Étrangère à la méfiance, Gelsomina oublia ses alarmes. Elle ne savait pour quelle raison, quoique le prétendu Carlo ne la quittât jamais sans qu’elle fût triste, elle se sentait plus affligée que de coutume quand il lui annonça son départ.

— Tu as tes affaires, lui dit-elle, et tu ne dois pas les oublier. As-tu eu du bonheur avec ta gondole depuis peu, Carlo ?

— L’or et moi nous ne nous connaissons guère. La république laisse sur mes épaules toute la charge des besoins d’un vénérable prisonnier.

— Tu sais que ce que je possède est peu de chose, Carlo, dit Gelsomina d’une voix à peine intelligible ; mais ce peu de chose est à toi.
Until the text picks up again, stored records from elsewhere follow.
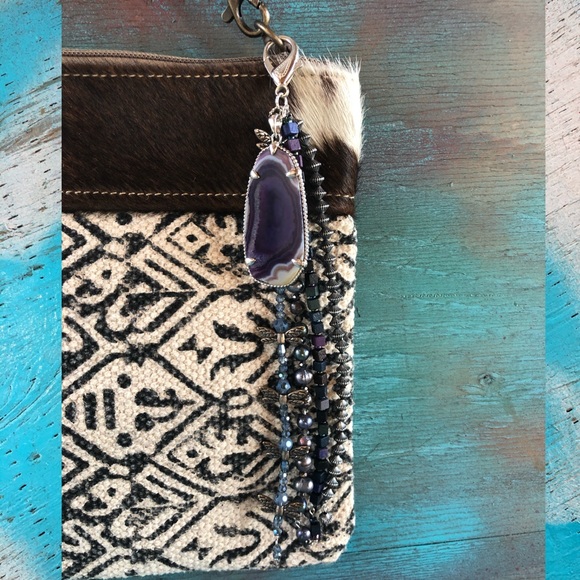 🦄 Beaded Bling Purse Bag Geode Charm Keychain - Picture 6 of 14
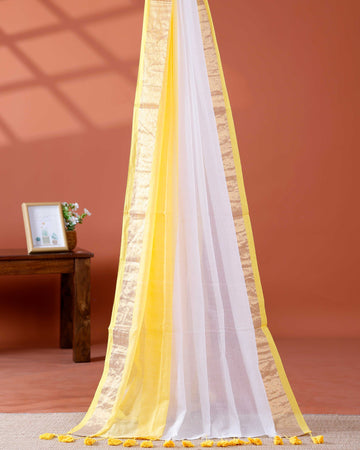 Handwoven Mul Mul Cotton Saree with Subtle Striped Pattern and Contrast Tassel Detailing – White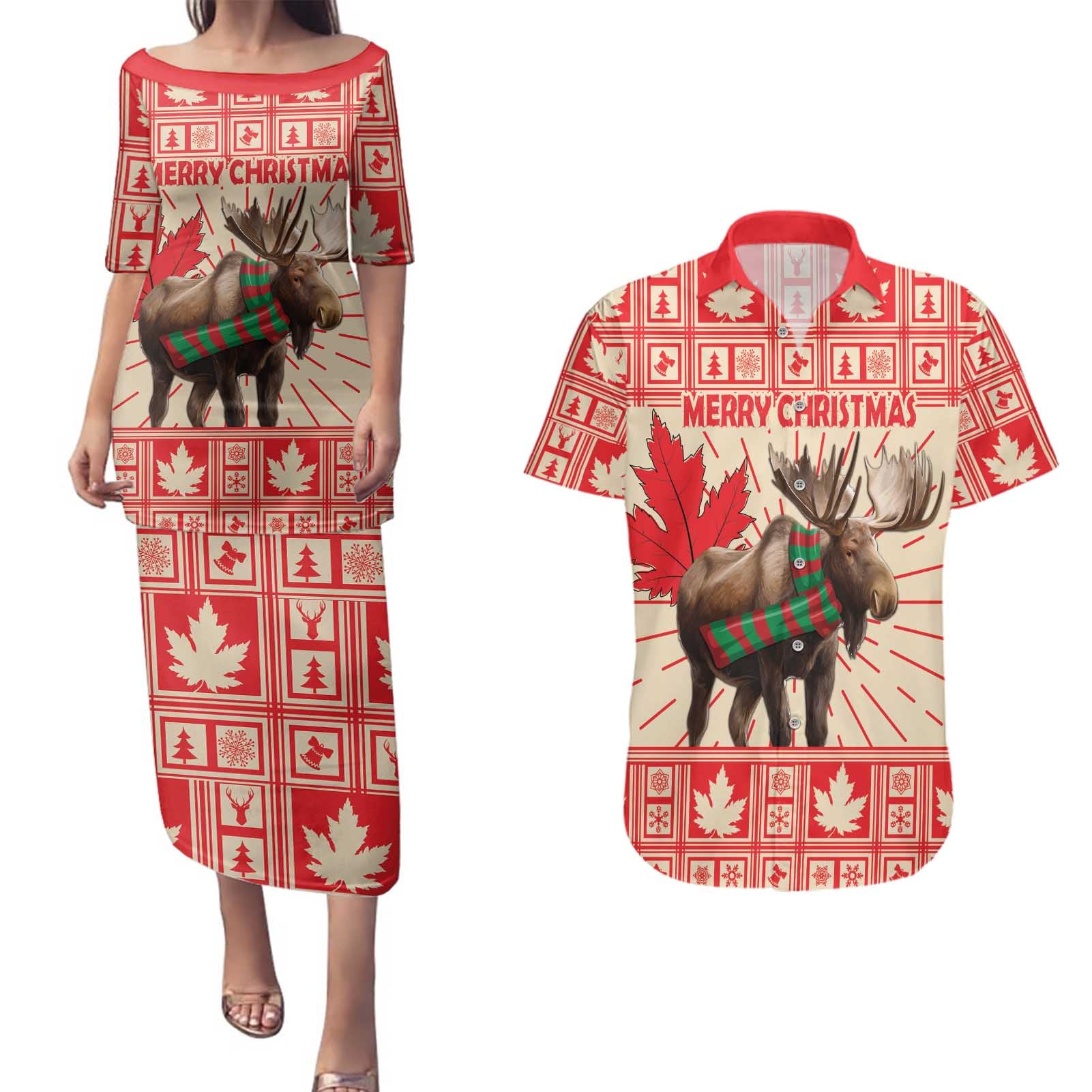 Personalized Canada Moose Couples Matching Puletasi and Hawaiian Shirt Maple Leaf Christmas Lightning Art - Wonder Print Shop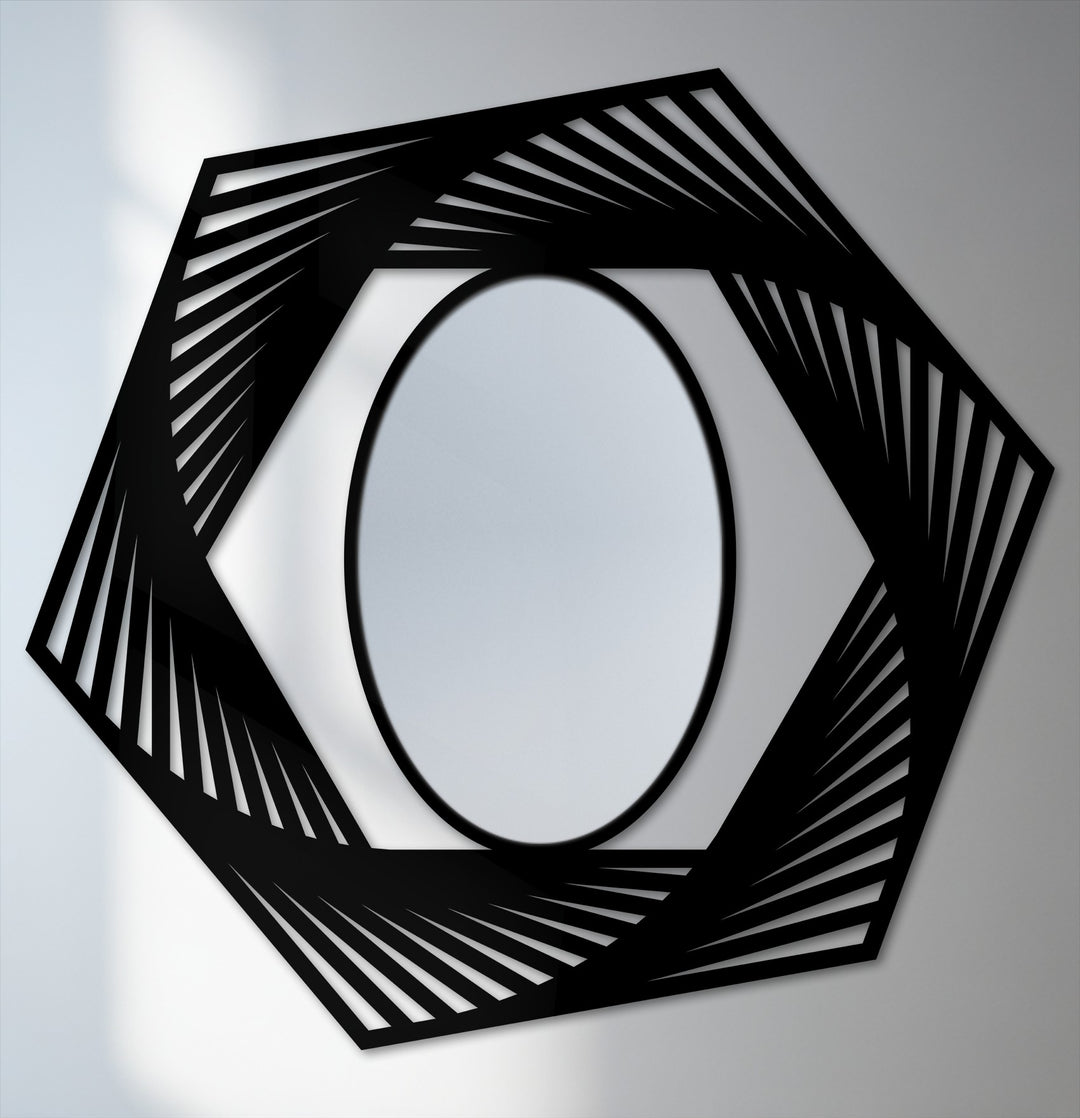 The stillness of the geometric hexagon in decorative metal art surrounds the oval mirror with its dynamic illusion frame.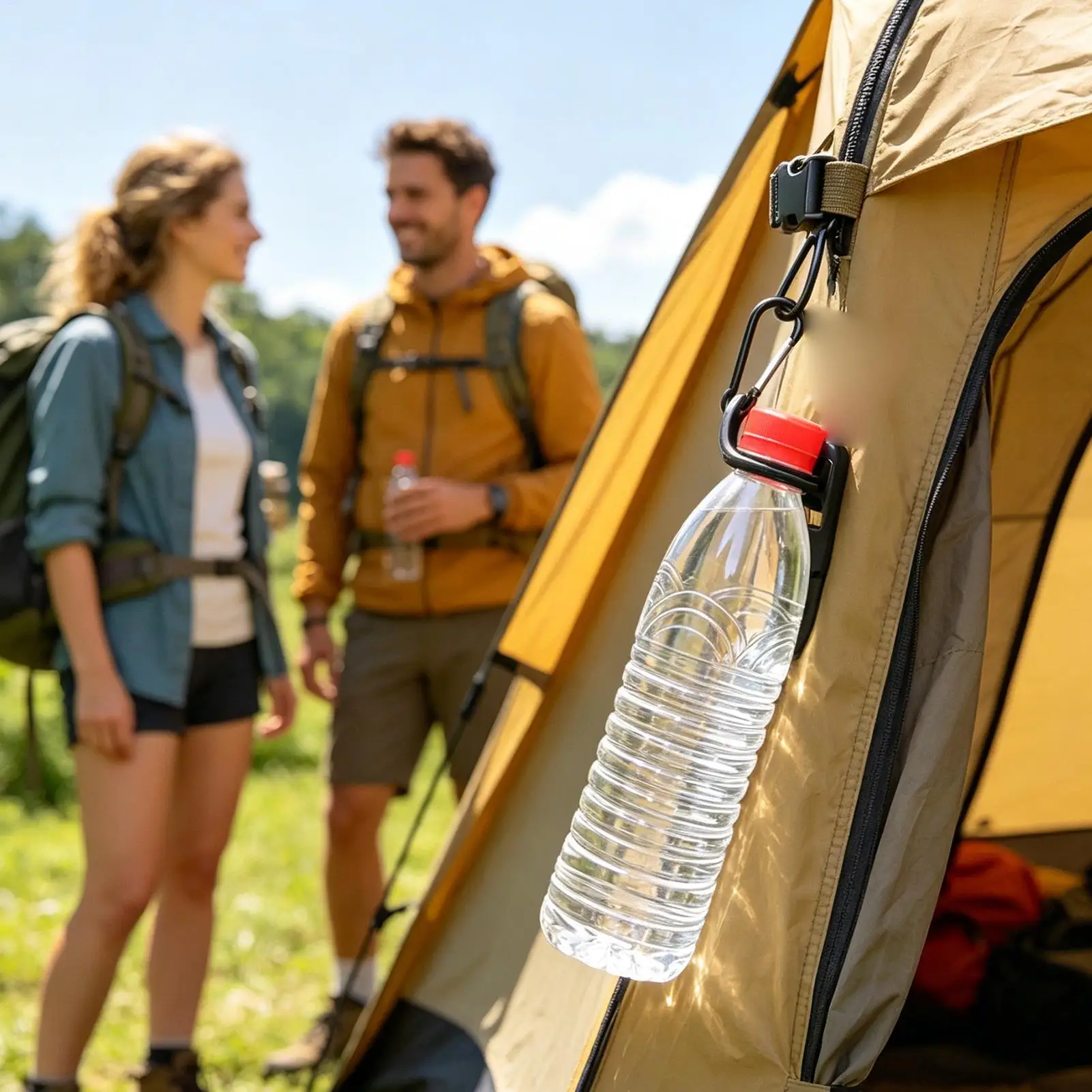 Water Bottle Clip For Backpack Secure Non-Slip Carabiner Hanger Silicone Water Bottle Holder For Outdoor Hiking Cycling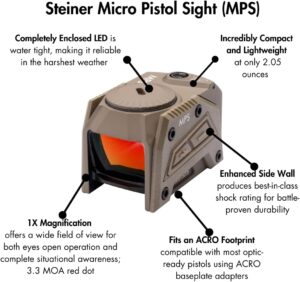 Steiner Micro Pistol Red Dot Sight, Flat Dark Earth, 8700-MPSFDE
Mon père n’est pas riche, comme tu peux le savoir ; sans quoi il ne vivrait pas des souffrances des autres, en tenant les clefs de cette prison.

— Il a un meilleur emploi que ceux qui lui imposent ce devoir. Si l’on me donnait le choix, Gessina, de porter le bonnet à cornes, de festoyer dans les salons, de dormir dans leurs palais, d’être le clinquant le plus bruyant dans un spectacle comme celui d’hier, de comploter dans leurs conseils secrets, et d’être le juge sans pitié chargé de condamner mes semblables à tant de misère, ou d’être simplement le porte-clefs et le gardien des verrous d’une prison, j’accepterais sur-le-champ ce dernier emploi, non seulement comme le plus innocent, mais comme étant de beaucoup le plus honorable.

— Tu ne juges pas comme le monde, Carlo. J’avais craint que tu n’éprouvasses de la honte d’être le mari de la fille d’un geôlier ; et même — je ne te cacherai pas ce secret plus longtemps, puisque tu me parles à présent avec tant de calme, — j’ai pleuré, dans ma crainte que cela ne fût ainsi.

— En ce cas, tu ne connais ni Carlo ni le monde. Si ton père était membre du sénat ou du conseil des Trois, et que ce fait fût connu, tu aurais une cause légitime de chagrin. — Mais la nuit tombe sur les canaux, Gelsomina, et il faut que je te quitte.

Gelsomina reconnut à regret la vérité de ce qu’il lui disait, et, prenant une clef, elle ouvrit la porte du pont couvert. Quelques corridors et un escalier les conduisirent au niveau du quai. Là le Bravo prit congé de sa compagne à la hâte, et sortit de la prison.